Pearson Distribution

The Pearson distribution is a four-parameter distribution that has an arbitrary mean, standard deviation, skewness, and kurtosis. This distribution is often used to model asymmetric data that is prone to outliers.

Statistics and Machine Learning Toolbox™ offers two ways to work with the Pearson distribution:

Use distribution-specific functions (pearspdf, pearscdf, pearsrnd) with specified distribution parameters.

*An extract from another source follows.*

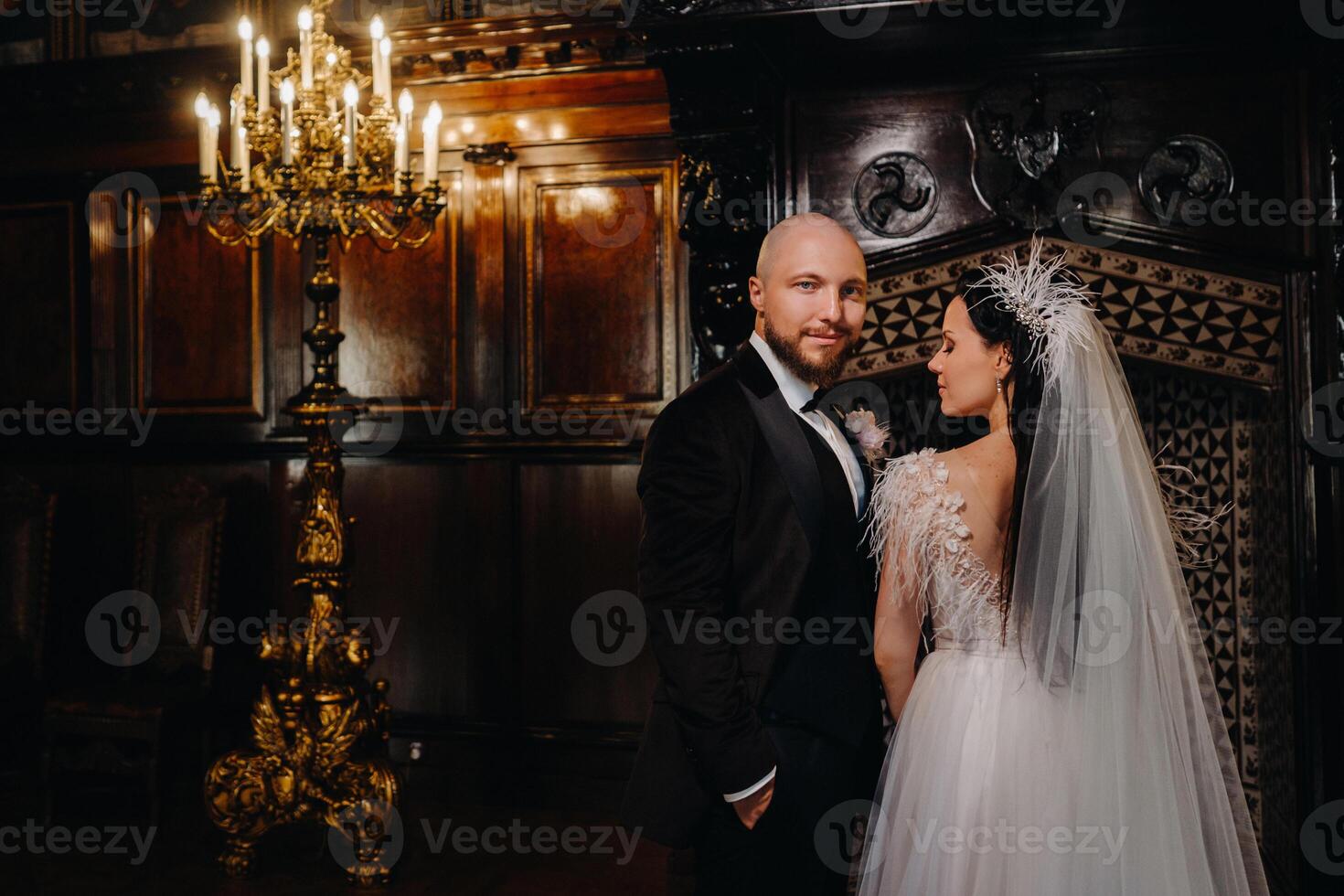 Elegant wedding couple in the interior of the old castle in the city of Nesvizh photo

The distribution-specific functions can accept parameters of multiple Pearson distributions.
Use generic distribution functions (cdf, pdf, random) with the distribution name "Pearson" and specified distribution parameters.

Types

The Pearson distribution has eight types, most of which correspond to other known distributions.

Pearson Distribution Type	Description
`0`	Normal
`1`	4-parameter beta
`2`	Symmetric 4-parameter beta
`3`	3-parameter gamma
`4`	Distribution specific to the Pearson system with pdf proportional to ${(1 + {(\frac{x - μ}{σ})}^{2})}^{- a} \exp (- b \arctan (\frac{x - μ}{σ}))$ , where a and b are quantities related to the differential equation that defines the Pearson distribution
`5`	Inverse 3-parameter gamma
`6`	F location scale
`7`	Student's t location scale

Parameters

The Pearson distribution uses the following parameters.

Parameter	Description
μ	Mean
σ	Standard deviation
γ	Skewness. γ is a measure of the asymmetry of the data around the sample mean. If the skewness is negative, the data spreads out more to the left of the mean than to the right. If the skewness is positive, the data spreads out more to the right. γ² must be less than κ – 1.
κ	Kurtosis. κ is a measure of how prone a distribution is to outliers. The kurtosis of the normal distribution is 3. Distributions that are more prone to outliers than the normal distribution have a kurtosis value greater than 3; distributions that are less prone have a kurtosis value less than 3. κ must be greater than γ² + 1.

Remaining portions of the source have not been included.